WHAT YOU NEED TO DO:
Reproduce the data below word for word, setting aside any picture it holds.

RECORDS SHOWN:
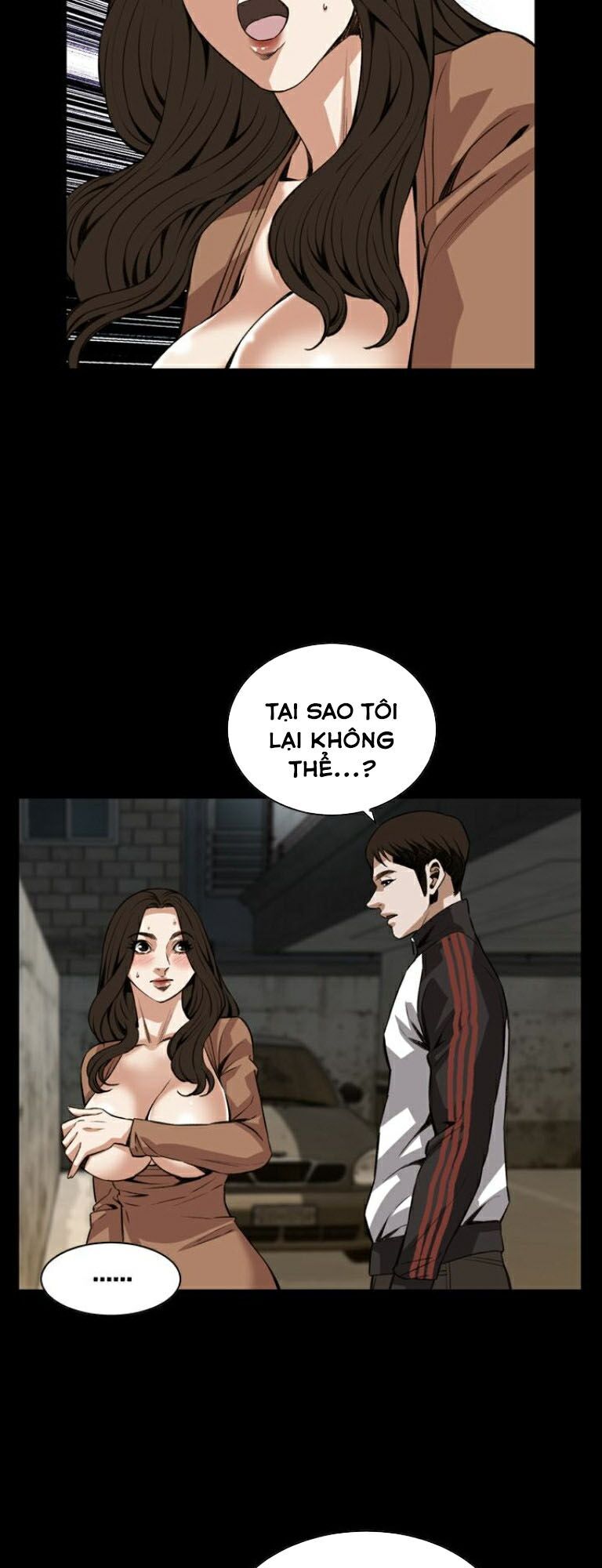 Take A Peek Chapter 90 - Page 13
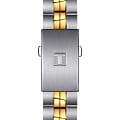 Tissot Tissot PR 100 Powermatic 80 T101.407.22.031.00 PR 100 наручные мужские часы фото под углом.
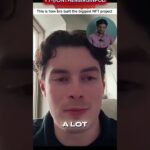 This is how bro (Henry Mcphie) built the biggest NFT project #podcast #usashorts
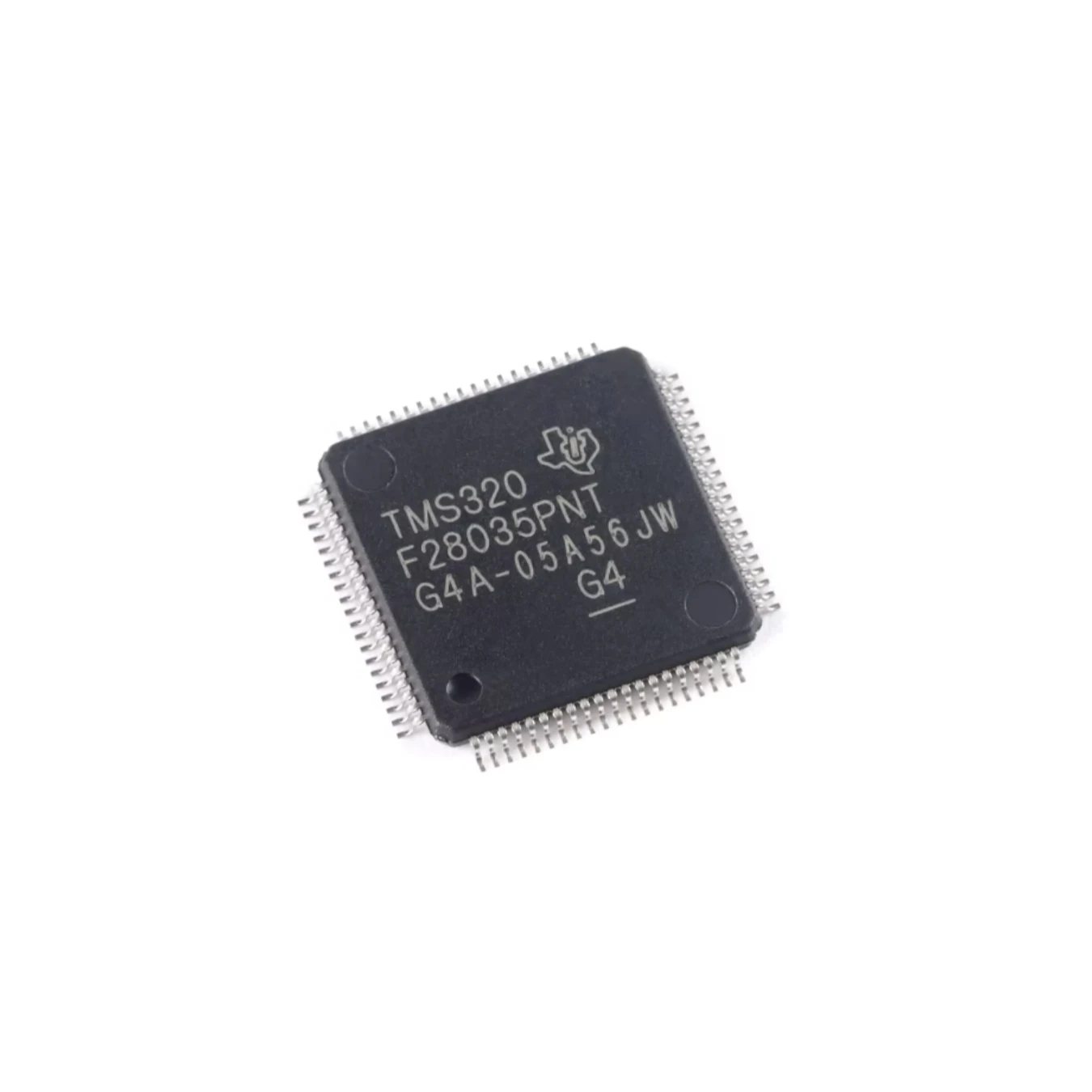 

TMS320F28035PNT LQFP-80 C2000 C28x 32-битный микроконтроллер (MCU)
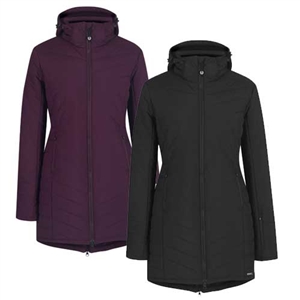 Kerrits Warm Wrap Insulated Parka For Sale!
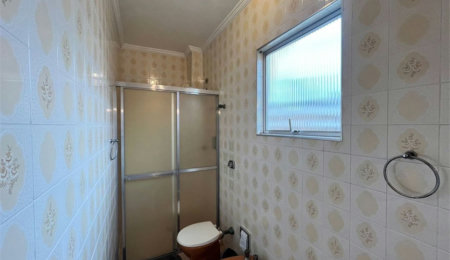 Apartamento Residencial à venda, Enseada, Guarujá - AP0481.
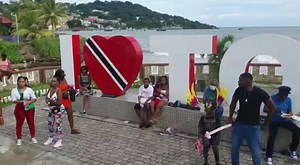 29K views · 1.1K reactions | Highlights of Tobago Carnival 2022 Parade of the Bands. | TTT Live Online | Facebook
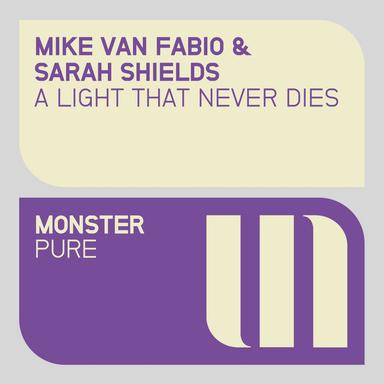 A Light That Never Dies - Radio Edit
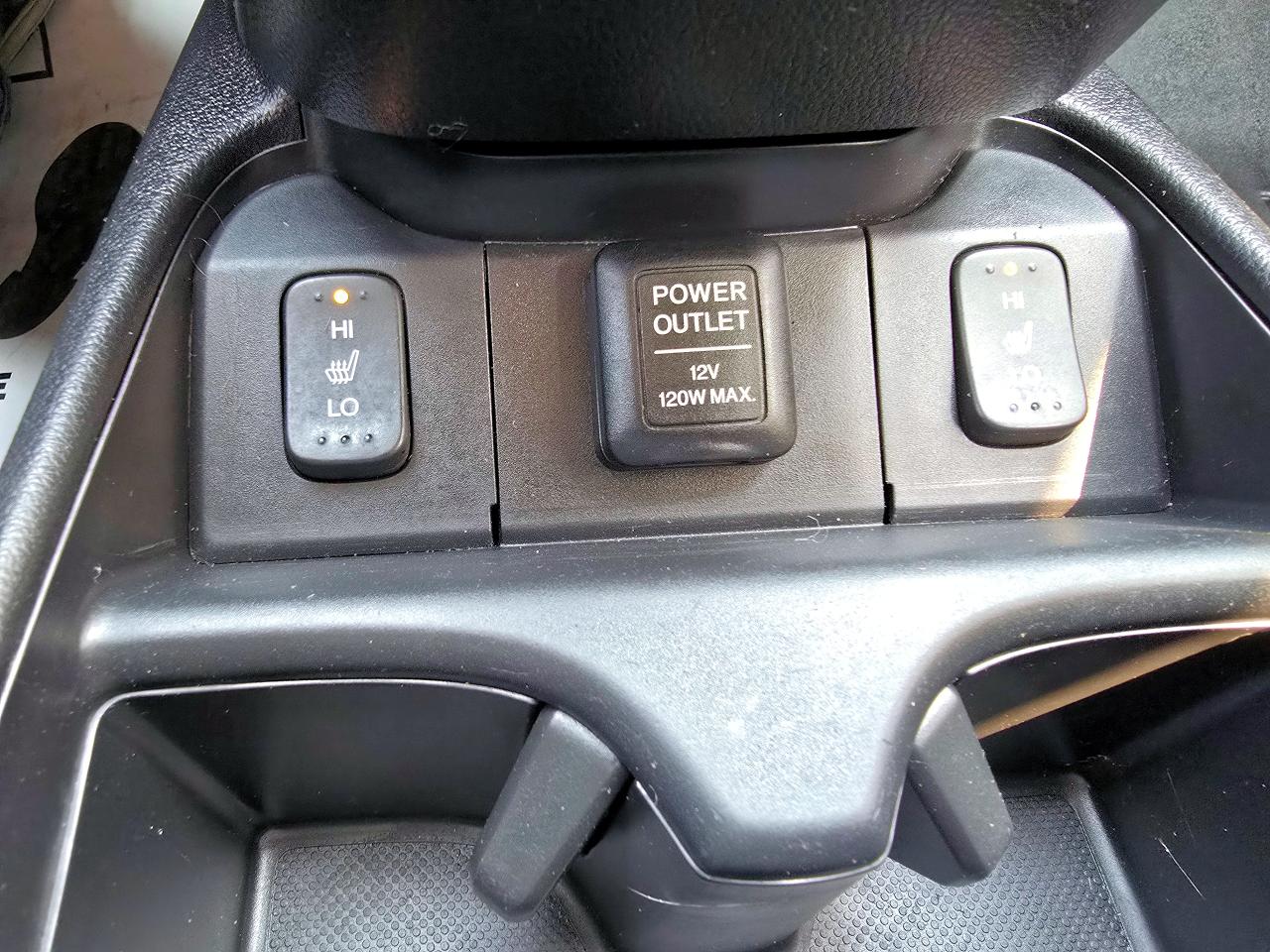 2012 Honda CR-V 150,292 KM Sunroof no Accidents - Photo #26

ANSWER SPACE:
 Take A Peek Chapter 90 - Page 13
 Tissot Tissot PR 100 Powermatic 80 T101.407.22.031.00 PR 100 наручные мужские часы фото под углом.
 This is how bro (Henry Mcphie) built the biggest NFT project #podcast #usashorts

TMS320F28035PNT LQFP-80 C2000 C28x 32-битный микроконтроллер (MCU)
 Kerrits Warm Wrap Insulated Parka For Sale!
 Apartamento Residencial à venda, Enseada, Guarujá - AP0481.
 29K views · 1.1K reactions | Highlights of Tobago Carnival 2022 Parade of the Bands. | TTT Live Online | Facebook
 A Light That Never Dies - Radio Edit
 2012 Honda CR-V 150,292 KM Sunroof no Accidents - Photo #26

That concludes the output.